As the risks of climate change become increasingly worrisome, many of the world’s largest companies are preparing for the financial impact of the climate crisis, according to a new analysis of corporate disclosures.
More than 200 big businesses say they’re preparing to see climate-related costs amounting to nearly $1 trillion within the next five to seven years unless they take steps to prepare, the New York Times reports.
The risk assessment, conducted by the nonprofit CDP (formerly known as the Carbon Disclosure Project), revealed that extreme weather is likely to bring about risks which include having to close down facilities in threatened locations, paying more for insurance, and the impact of consumers switching to more environmentally friendly corporations.
“Changing precipitation patterns, droughts, flooding, and tropical cyclones could potentially damage our manufacturing, research and development, and warehousing/distribution facilities and those of our key suppliers, especially in flood prone areas,” Eli Lilly & Co said. “In 2017, our operations in Mexico, US and Puerto Rico were hit by a string of devastating earthquakes and hurricanes.”
Assessing risks to operations
"The numbers that we're seeing are already huge, but it's clear that this is just the tip of the iceberg," Bruno Sarda, North America president for CDP, told the Times.
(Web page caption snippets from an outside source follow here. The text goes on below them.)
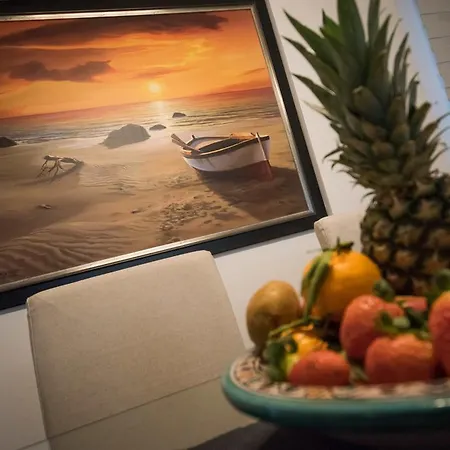 Апартаменти Skylight Megaron *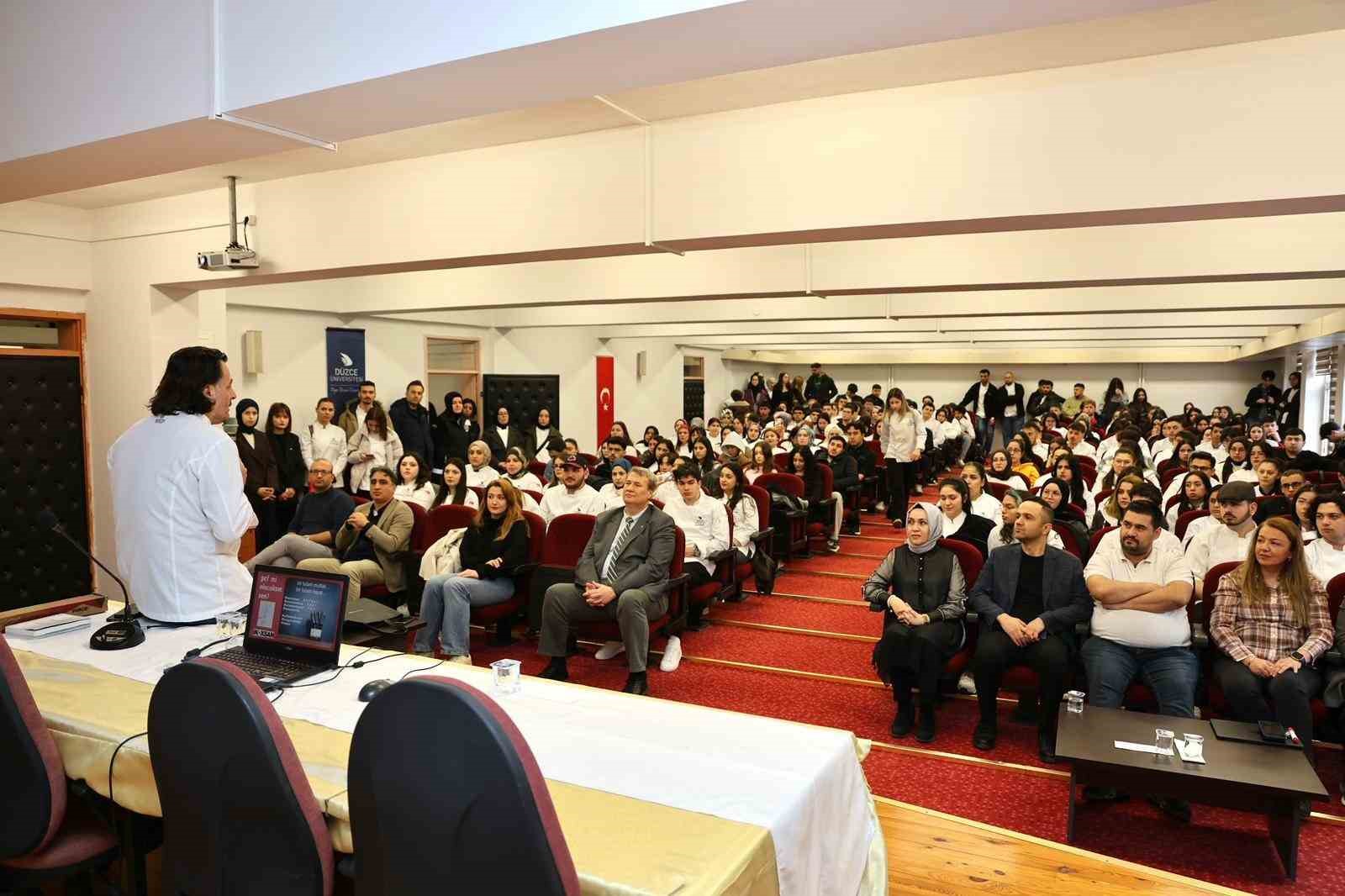 Şef Murat Aslan mesleğin şifrelerini paylaştı
Şef Murat Aslan mesleğin şifrelerini paylaştı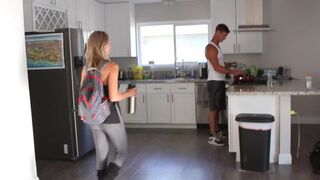 Csábos világos szőke fitnesz spiné szaftos szopást ad a pasijának és lenyeli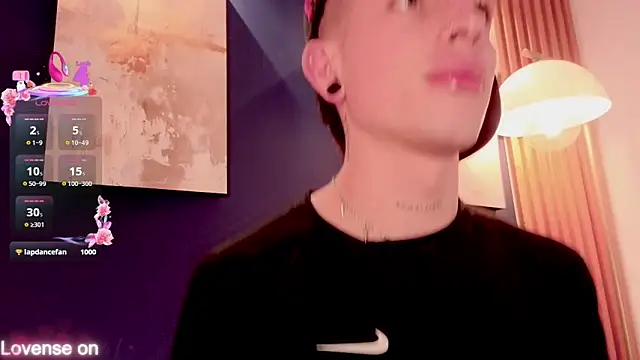 Luca_Prince_ live sex cam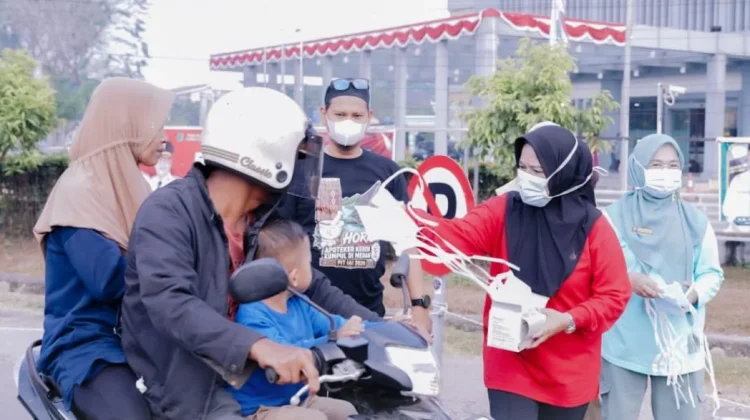 RSUD Sekayu Bagikan Masker Gratis untuk Lindungi Warga dari Polusi Asap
But when it comes to predicting the impact of the climate crisis, many companies still underestimate the dangers that are likely to occur as a result of earth’s climate system hitting a “catastrophic tipping point” without “rapid cuts in carbon emissions,” Reuters noted.
“Most companies still have a long way to go in terms of properly assessing climate risk,” said report author Nicolette Bartlett, CDP’s director of climate change.
By having executives report the foreseeable risks of the climate crisis, advocates of greater disclosure “hope to spur enough investment in cleaner industries to cut carbon emissions in time to meet global climate goals,” according to Reuters.